Where have you been, Paul Westerberg? An indie nation turned its lonely eyes to you, and you were off whoring your talents with Don Was. That's not the way poets of punk disaffection should grow old. Sure, it's hard following up a catalog that moved pock-faced, nothing-to-Dü teens to give a shit and not give a shit with equal abandon, balancing wisdom and self-destruction, making you a legend to a few. But them's the cards you've been dealt, and the hands you've looked at since the demise of the Replacements have included more lonely pairs than full houses.
Anyone who remembers Westerberg's heyday, however, will be happily surprised by the two-fer he's just picked from the deck. Stereo and alter-ego Grandpa Boy's Mono strap some semblance of cojones and sonic freedom to the wordplay that never left him.
Stereo's the considerably more mellow turn, a fork in the road taken toward adulthood. Mostly backbeat-free and basement acoustic in nature, it's a story lacking punch lines -- usually not a good thing in a Westerberg songbook. Luckily, Stereo's two exceptions -- a kids' song/John Updike tribute ("Mr.

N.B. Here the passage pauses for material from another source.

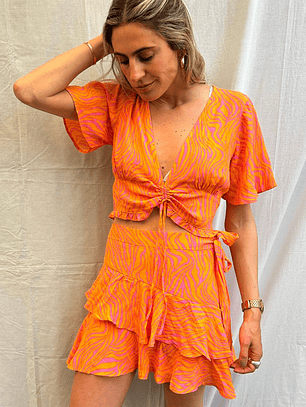 Conjunto Print Cebra Naranjo/ Lila Talla M Seven Sister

Rabbit") and an unlisted gem pulled off an '87 Flesh for Lulu album ("Postcards From Paradise") -- are reflective poses filled with hope, which may lead you to believe Paul will be all right.
Mono, on the other hand, is the step toward the cliff's edge that friends and family hoped you'd outgrow. Fuck 'em! "Let's Not Belong," "Knock It Right Out," and "Eyes Like Sparks" are one-shot wonders of the Sticky Fingers variety, songs that drink a beautiful raw potion to forget their despair. Just the kind of thing you were always good at!